Люблю великий русский стих…
Почему-то именно этот день запомнился мне ярким и солнечным, хотя лето 1942 года в Москве было холодным, пасмурным, и редко обходилось без дождя. Я шла по Малой Дмитровке и, как всегда, остановилась возле редакции газеты «Красная Звезда», где у входа по утрам вывешивали свежий номер. В годы войны это была самая популярная газета, в киосках ее можно было редко встретить, и я, пользуясь тем, что мы жили неподалеку, проходя мимо, внимательно ее просматривала: ведь именно в «Красной Звезде» почти в каждом номере печатались статьи Ильи Эренбурга, блестящие фронтовые репортажи Константина Симонова. Но в тот день мое внимание прежде всего привлекли стихи, да, да, стихи! И, раз прочитав их, я стала перечитывать снова и снова, а потом, воровато оглядевшись, – спустя полвека в этом можно признаться! – осторожно вырвала их и, быстро спрятав за пазуху, побежала домой.
Хохочет, обезумев, конь!
Фугасы хлынули косые…
И снова по уши в огонь
Вплываем мы с тобой, Россия.
Опять судьба из боя в бой
Дымком затянется, как тайна,
Но в час большого испытанья
Мне крикнуть хочется: «Я твой!»
Господи, как же это было прекрасно! В те дни, когда все близкие и друзья находились на фронте и каждый день мог принести (и приносил!) горькую весть, эти стихи звучали вестью оттуда:
Нервинкой каждою скорбя,
Оглохший от бомбометанья,
Люблю тебя! Люблю тебя
До стона и до бормотанья…
Вот и сейчас, через пятьдесят с лишком лет, я с трудом удерживаю себя, чтобы не переписать всё стихотворение, потому что оно и теперь, на фоне безликих и подчас спекулятивных воплей о любви к России, бесконечно трогает своей чистотой, умом и подлинностью переживаемого:
Люблю, Россия, птиц твоих,
Грачей степенных, как крестьяне…
Под небом сокола стоянье
В размахе крыльев боевых.
И писк луня среди жнивья
В очарованье лунной ночи,
И на невероятной ноте
Самоубийство соловья…
Что ни строчка, то подарок. Строки эти хотелось повторять без конца. Хотелось читать друзьям, соседям, родным – кому угодно, только чтобы делиться с людьми. Но друзья были далеко – кто на фронте, кто в эвакуации. Соседи же не очень разбирались в поэзии, и я читала стихи самой себе и про себя, и вслух, заставляя повторять их трехлетнюю Машку. Через несколько дней она уже знала их наизусть и, когда мы отправлялись с ней на прогулку, тоненьким голоском вторила мне:
Люблю великий русский стих,
Еще не понятый, однако,
И всех учителей своих —
От Пушкина до Пастернака…
Имя автора – Илья Сельвинский, и его стихи я хорошо знала с детства. Помню, как еще в середине двадцатых годов моя мать, Татьяна Владимировна Толстая (литературный псевдоним Татьяна Вечорка), вернувшись с литературного вечера, то ли это было дома у Антоновской, то ли на очередном Никитинском субботнике у Евдокии Никитиной, с восторгом рассказывала, что очень молодой поэт Илья Сельвинский читал замечательную поэму с названием, которое мне по моему детскому возрасту показалось странным, но завораживающим: «Уляляевщина».

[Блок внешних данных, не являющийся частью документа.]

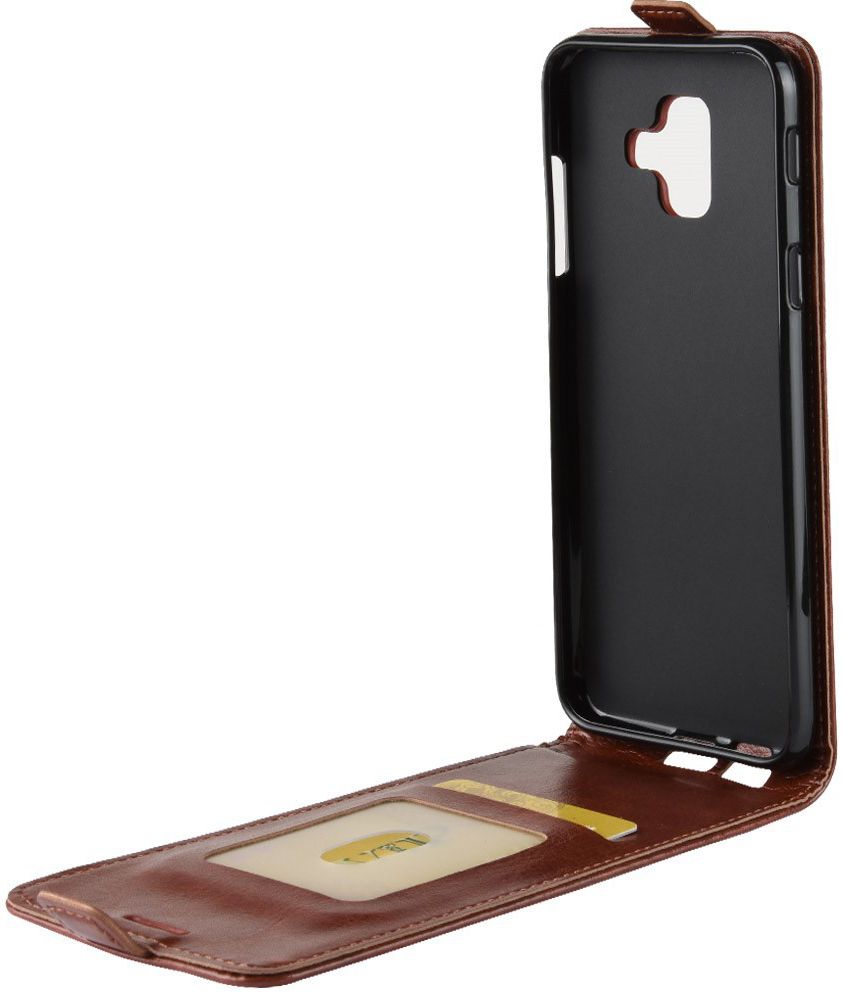 Samsung Galaxy A6 Verticaal Flip Hoesje Bruin afbeelding 9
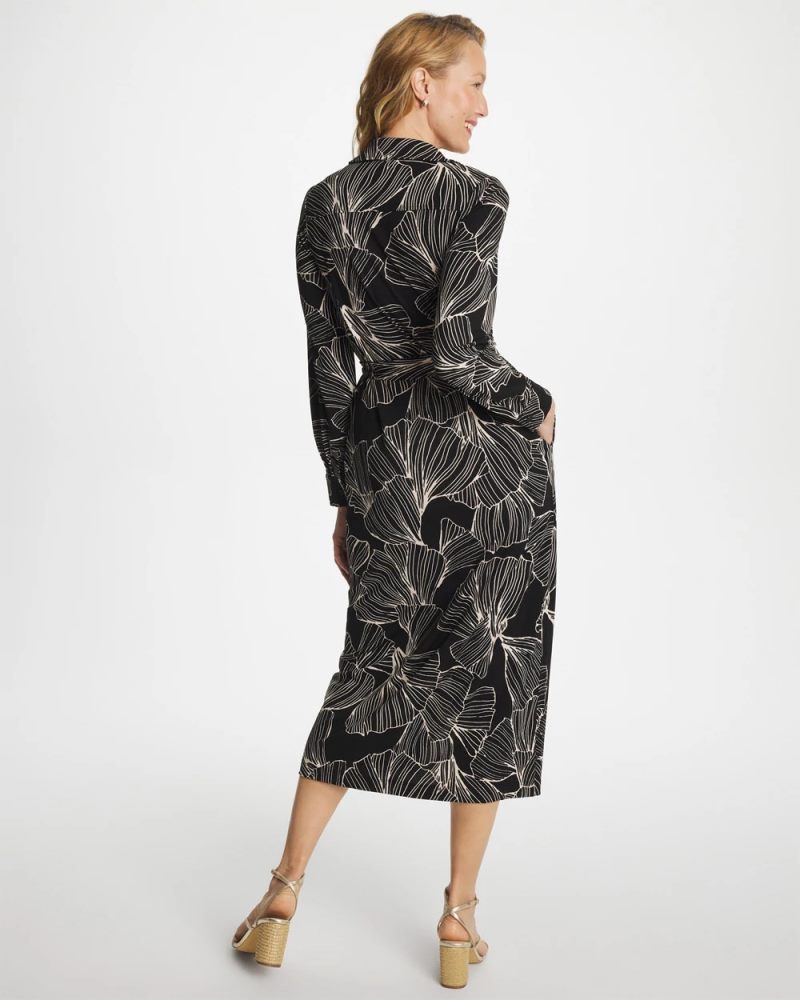 Chicos Printed Knit Shirtdress - BLACK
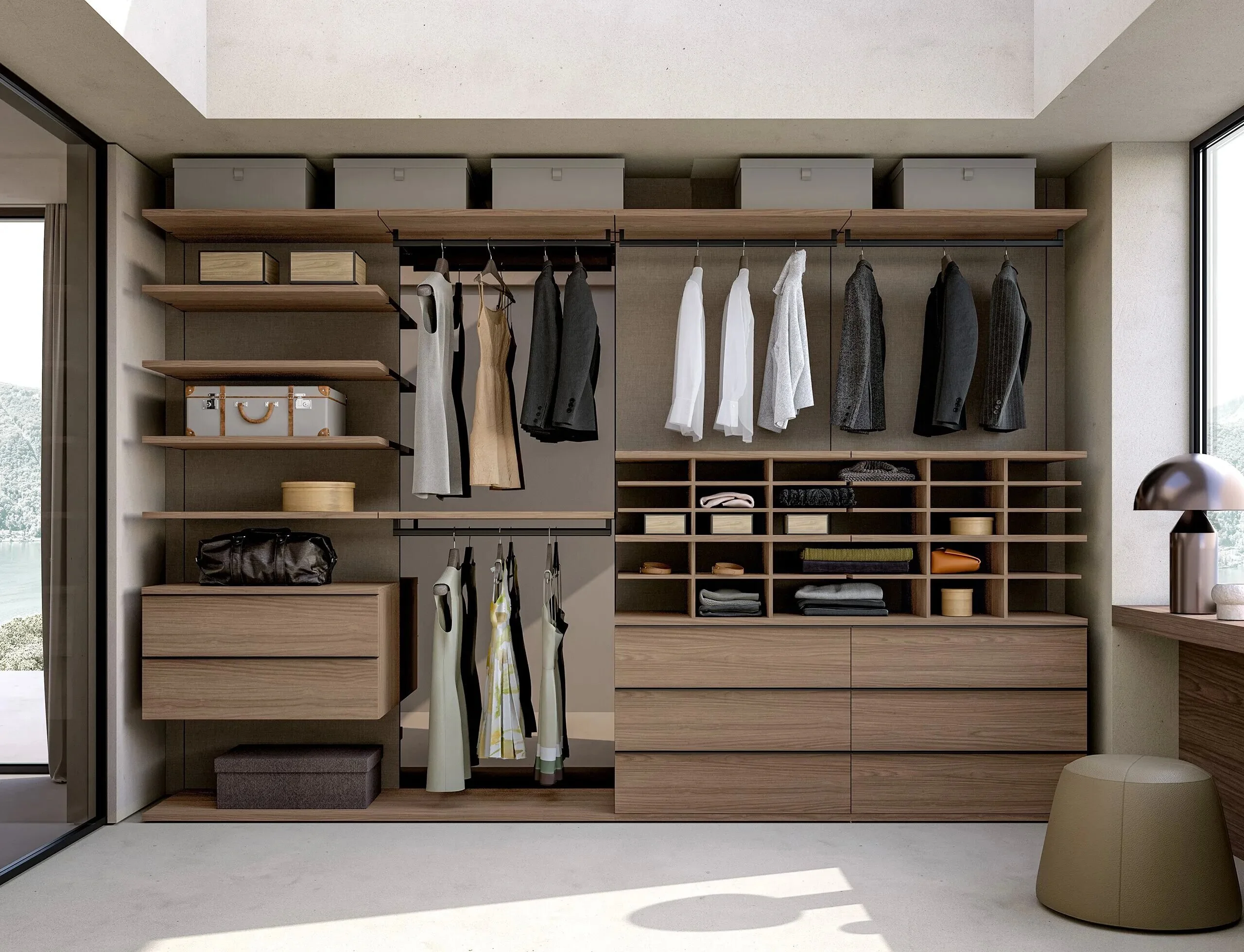 Armário moderno modular AllandCabinet com painel de MDF de grão de madeira para quarto 1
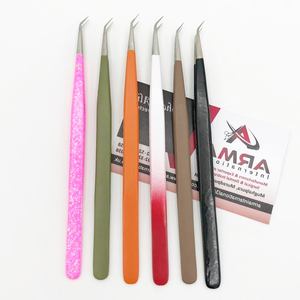 Pince à épiler d'extension de cils en acier inoxydable durable de haute qualité pour faire d'excellents ventilateurs pince à épiler faux cils marque privée - Product Image 4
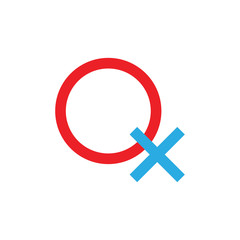 Obraz premium QX logo, OX logo letter design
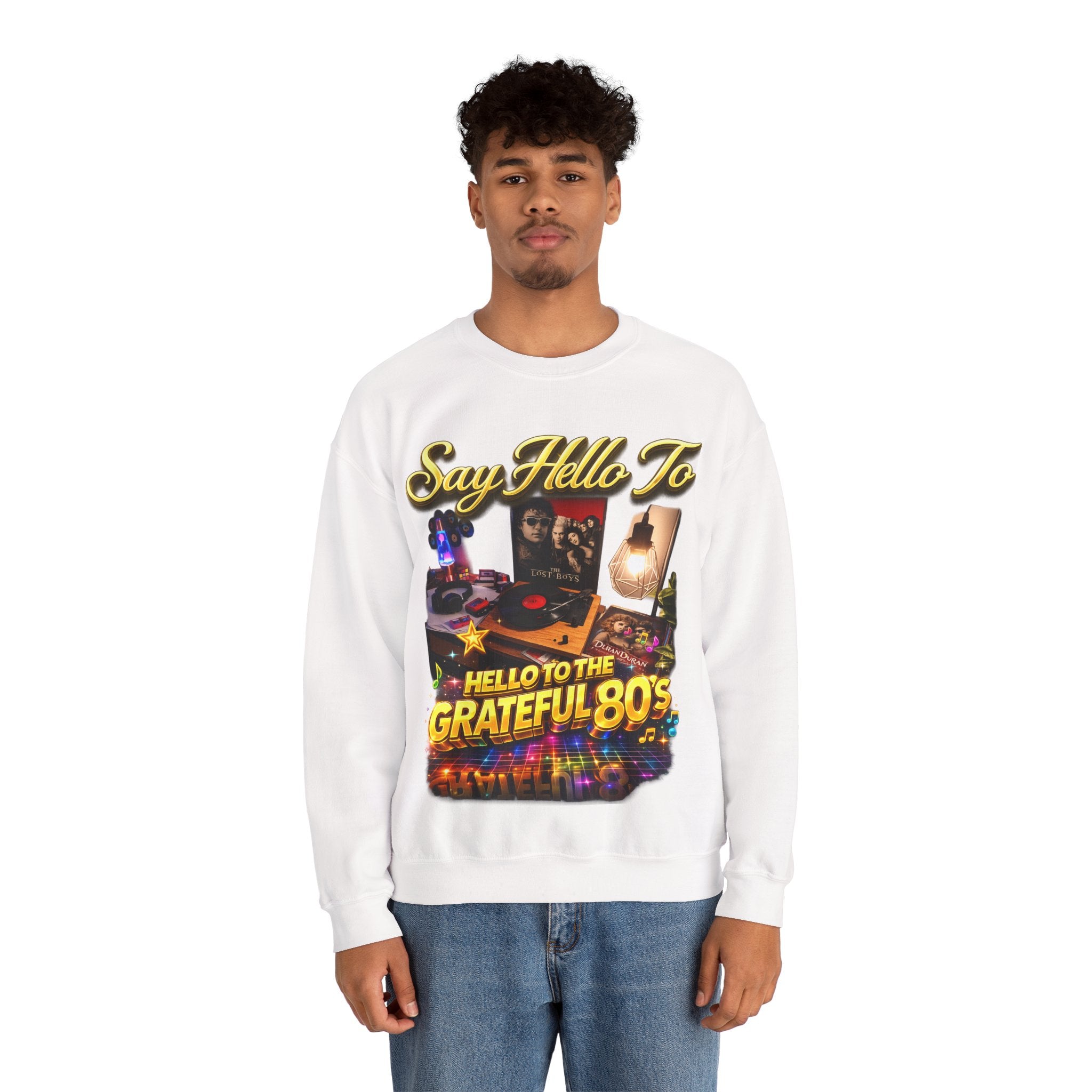 Grateful 80s Crewneck Sweatshirt — “say hello to the grateful 80's” Retro Vibe Printify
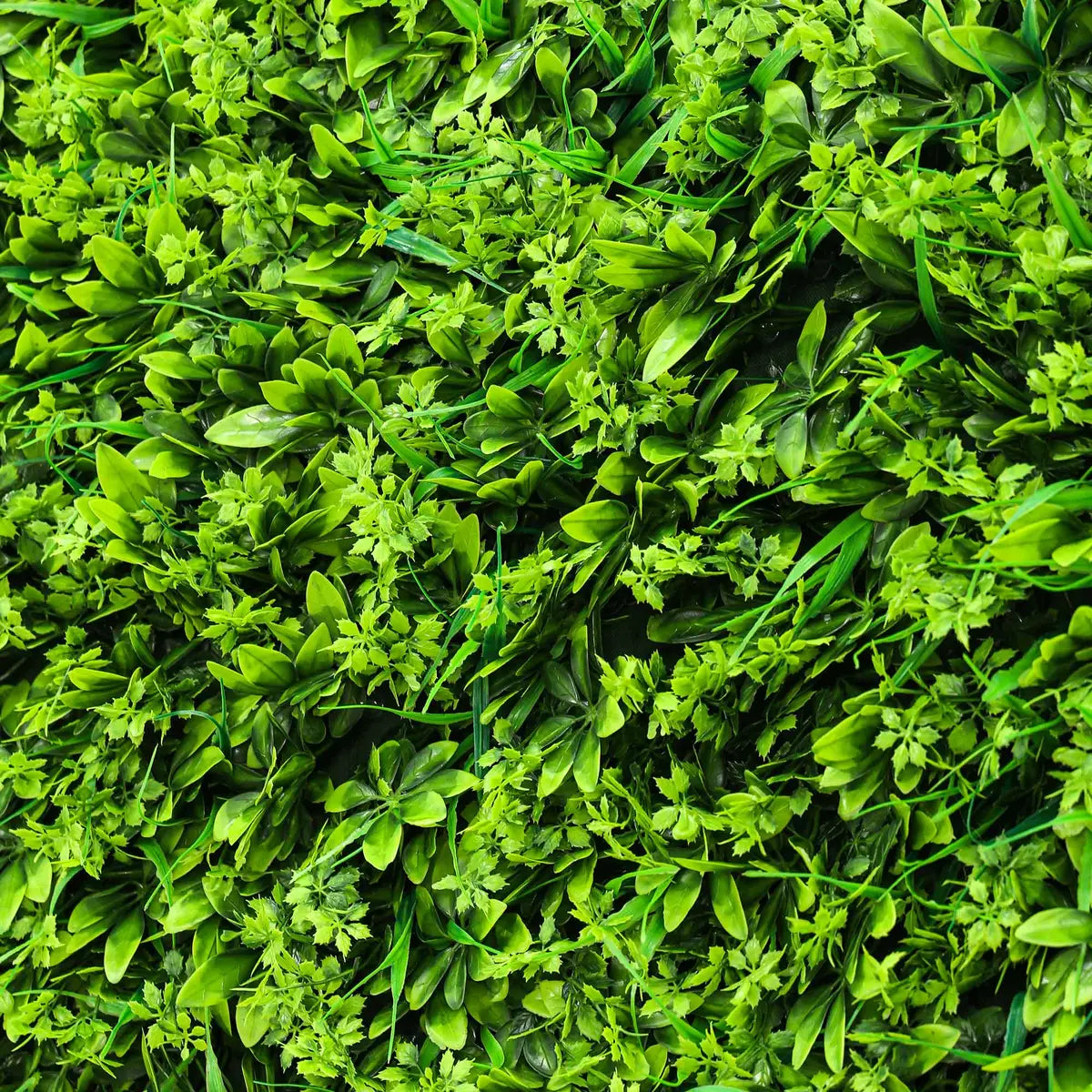The green grass wall detailed view shows off vivid colors and a realistic fabric backing.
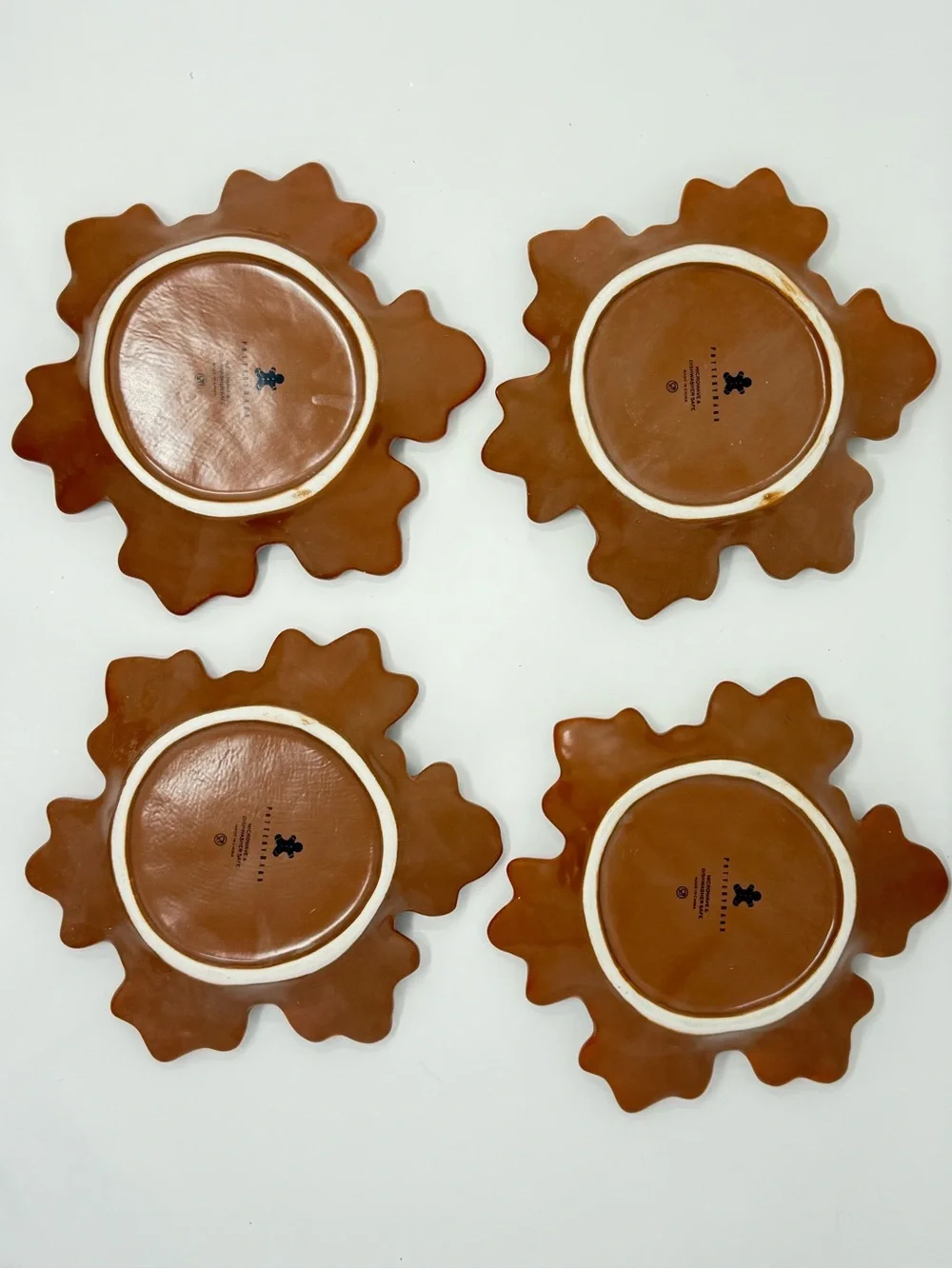 Pottery Barn Gingerbread Snowflake Stoneware Appetizer Plates – Set of 4 NEW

А через какое-то время в доме появилась и книжка – ее принес Алексей Крученых. Родители читали поэму вслух друг другу, а так как мы жили в одной комнате, в коммуналке, то я стала невольным слушателем. Конечно, не всё мне было понятно, но почему-то запомнились строки:
Лиловые тучи. Серое поле.
Умиротворенность и великолепие.
Пегие березки в золотой боли,
Задумчивая кляча с галкой в репице…
Строки эти напоминали последние дачные дни, когда так уже хотелось поскорее вернуться в город.